In Print : Inspiring people
"Mentors, Muses & Monsters: 30 Writers on the People Who Changed Their Lives," Elizabeth Benedict, editor, Free Press, 2009, $24.99.
As her latest project, best-selling novelist, National Book Award finalist and former Vineyard resident Elizabeth Benedict is the editor of "Mentors, Muses & Monsters: 30 Writers on the People Who Changed Their Lives," a collection of original essays by writers such as Michael Cunningham, Mary Gordon, Joyce Carol Oates, Edmund White, and Jane Smiley.
Sometimes writers are inspired by authors of books they love but whom they have never met; sometimes they are coworkers or people in writing programs. Most often it's a person -- teacher, family member, or other awe-inspiring individual. Not all of them were benevolent in the ordinary sense. Yet as Ms. Benedict observes in her introduction, they seem to share "a yearning to acknowledge and to thank the people who had made a landmark difference in their lives."
Ms. Benedict's connections to the Vineyard remain strong. She lived in Vineyard Haven for four years and has returned frequently. She based her popular fourth novel, "Almost" (Houghton Mifflin, 2001), on an island very much like the Vineyard. I met her on the Island, reviewed one of her novels, and became a friend as well as a fan of her writing. In this fractured age we live in, it is a pleasure not to feel compelled to march through page after page of "Mentors, Muses & Monsters" but to wander around from person to subject to theme. The patterns among writers and influences emerge regardless of the order in which the essays are read, and I confess I haven't finished reading all the essays. In truth, I am reluctant to complete it, so deliciously rich and illuminating have I found each offering. I suspect any writer or serious reader will feel the same way.
As Ms. Benedict explains, the writers address the task at hand by telling stories about how they met their mentors or muses or encountered the monsters who set them on the often bumpy road to becoming an author. The essays are not simply worshipful tributes to literary lions.

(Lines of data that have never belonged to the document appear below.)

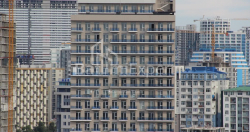 Пәтер 76.07 м² - Лех және Мария Качинский, Batumi, Грузия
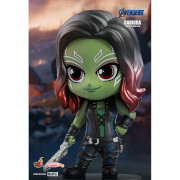 Hot Toys Cosbaby - Avengers: Endgame (Size S) - Gamora
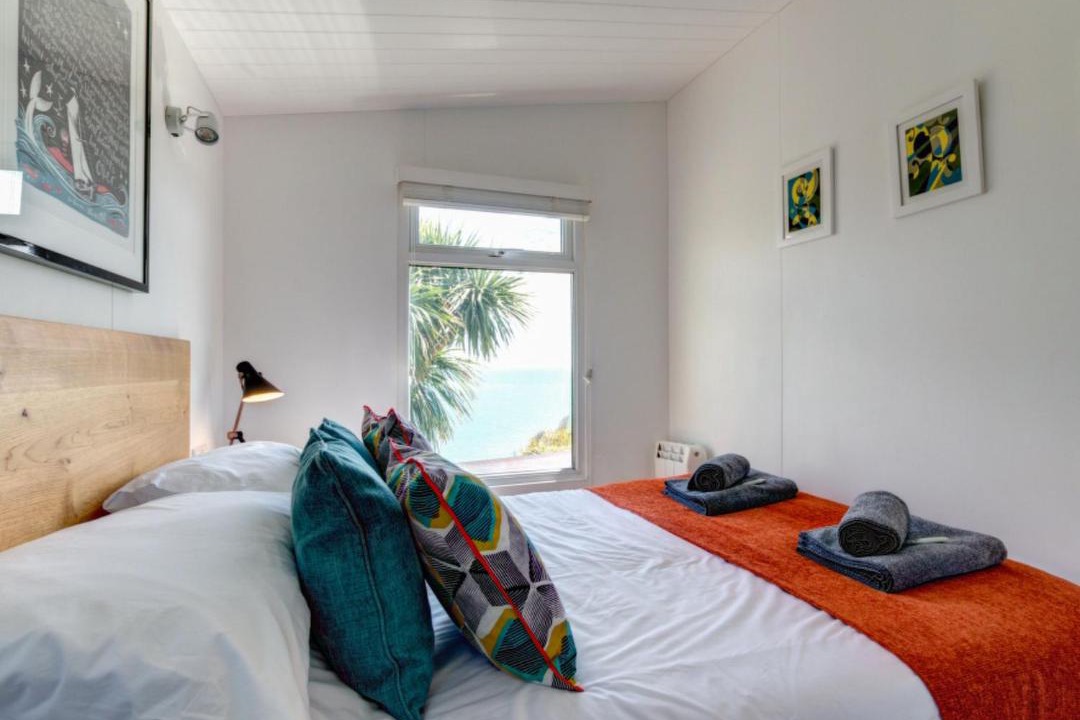 Photo of Bedroom in Stoke Fleming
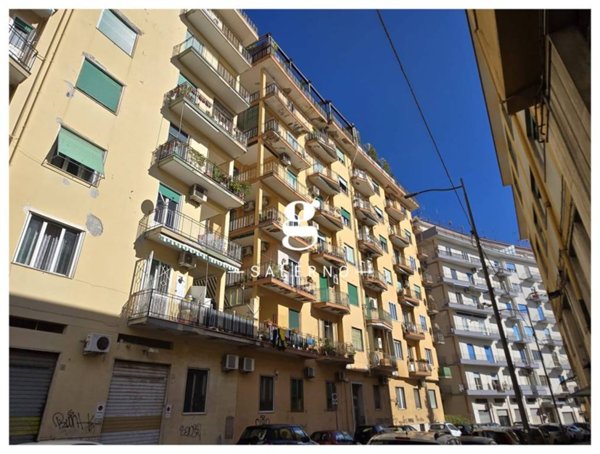 appartamento in vendita a Salerno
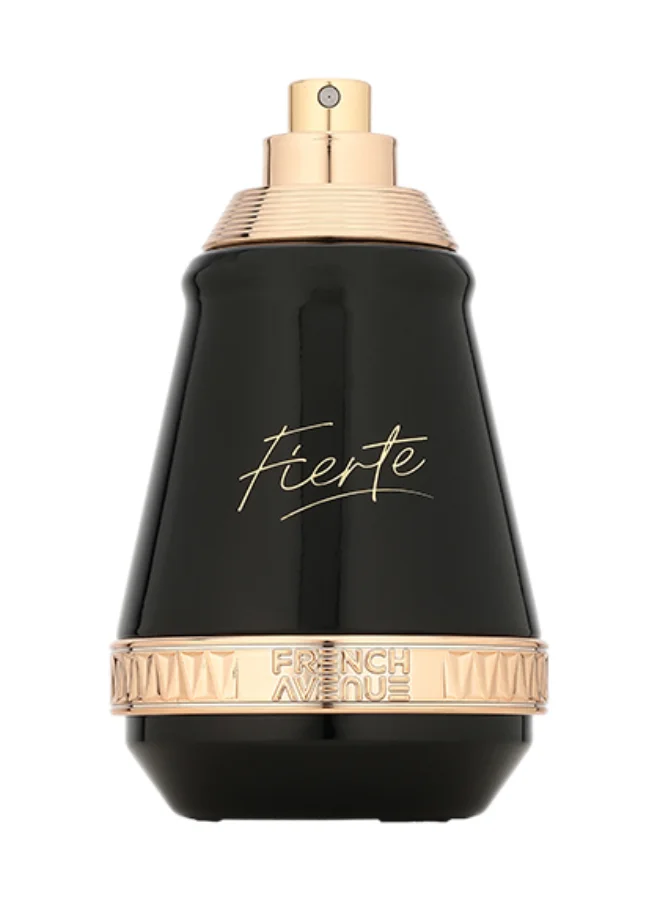فرنش افينيو فييرتي - أو دو بارفان - عطر رجالي، 80 مل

Each writer shades in the nuances of character and experience that make his subject come to life, and each reads like a short story.
Ms. Benedict herself found that Elizabeth Hardwick, for whose children she babysat while a student at Barnard, gave her the encouragement she needed, even though Miss Hardwick "liked but did not love" Ms. Benedict's work.
When Dinaw Mengestu, the award-winning author of the novel "The Beautiful Things That Heaven Bears," failed to sell his first novel, he took a job in a Harlem after-school program. Despite his fondness for the students he tutored, his failure there, too, convinced him that he must re-commit himself to the life of the writer.
Each writer demonstrates his and her own inimitable style. Jane Smiley writes a sentence, then follows it with another that is entirely unexpected. In his selection, Caryl Phillips captures an entire lifetime of influences in 10 microcosmic chapters.
For the reader aspiring to sharpen his own craft, gem after gem emerges from this book's pages. In describing novelist Alice McDermott's powerful influence on her, Anita Shreve also explains how changing the sex of the protagonist from female to male enabled her to write her first novel.
For serious readers, clues emerge about stylistic parallels with other writers. Michael Cunningham talks about how he happened on Virginia Woolf's "Mrs. Dalloway" at age 15 and later took Woolf's first title for his own book, "The Hours," in sentences as fluid as his mentor's.
As a surprise benefit: Readers can generate their own list of to-read authors and books from the pages of "Mentors, Muses & Monsters" out of the names and titles that prove unfamiliar.